> [WHAT TO WORK ON]
An exact copy of the entries below is required, with all pictures removed.

(Dataset items)
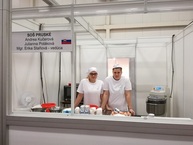 Štyrikrát zlato pre študentov soš oas púchov - IMG_20180125_082821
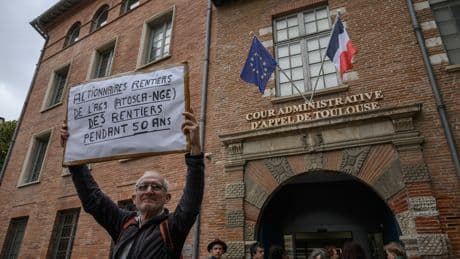 A69 : la reprise du chantier autorisée par la cour d'appel administrative de Toulouse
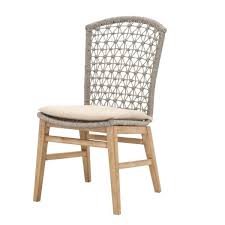 Orient Express Furniture Lace Dining Chair Orient Express Furniture S Wicker Collection Is Known Fo Side Chairs Dining Dining Chairs Upholstered Side Chair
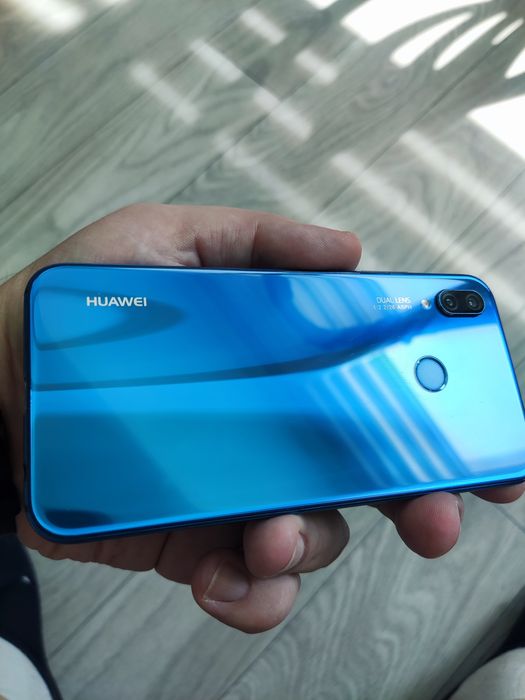 Huawei P20 Lite 64/4 GB
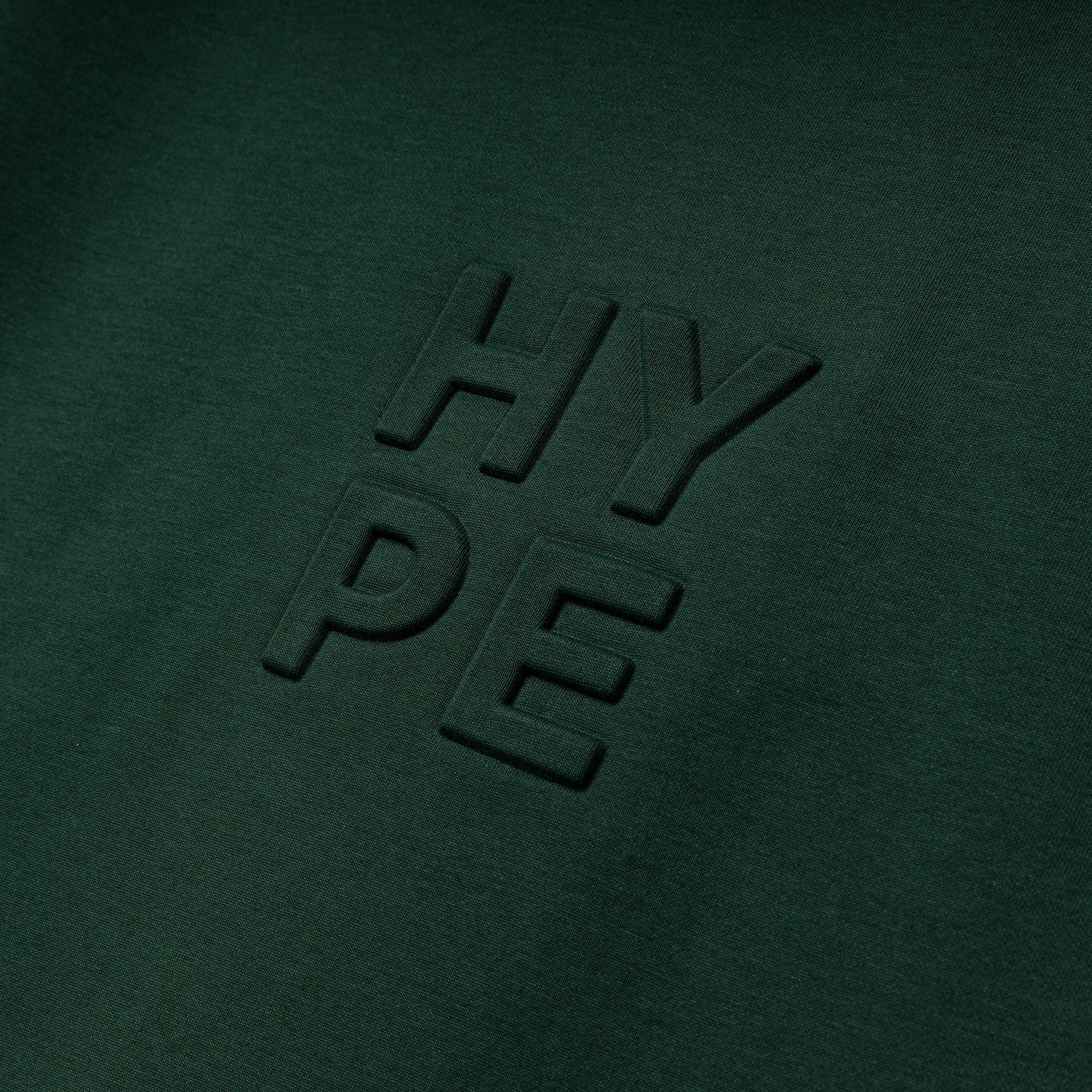 Hype Code HYPE Code Of Culture General Tee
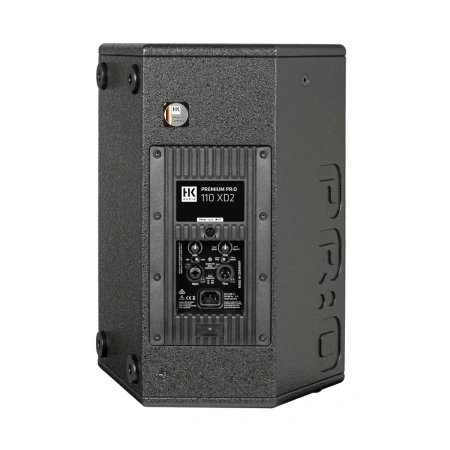Купить HK AUDIO PR:O 110 XD2 White по выгодной цене в Москве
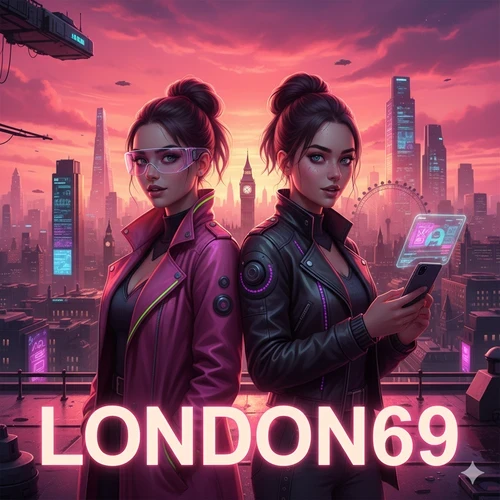 LONDON69 Situs Slot Online Gacor Maxwin Terbesar 2025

> [OUTPUT FOR THIS EXERCISE]
 Štyrikrát zlato pre študentov soš oas púchov - IMG_20180125_082821
 A69 : la reprise du chantier autorisée par la cour d'appel administrative de Toulouse
 Orient Express Furniture Lace Dining Chair Orient Express Furniture S Wicker Collection Is Known Fo Side Chairs Dining Dining Chairs Upholstered Side Chair
 Huawei P20 Lite 64/4 GB
 Hype Code HYPE Code Of Culture General Tee
Купить HK AUDIO PR:O 110 XD2 White по выгодной цене в Москве
 LONDON69 Situs Slot Online Gacor Maxwin Terbesar 2025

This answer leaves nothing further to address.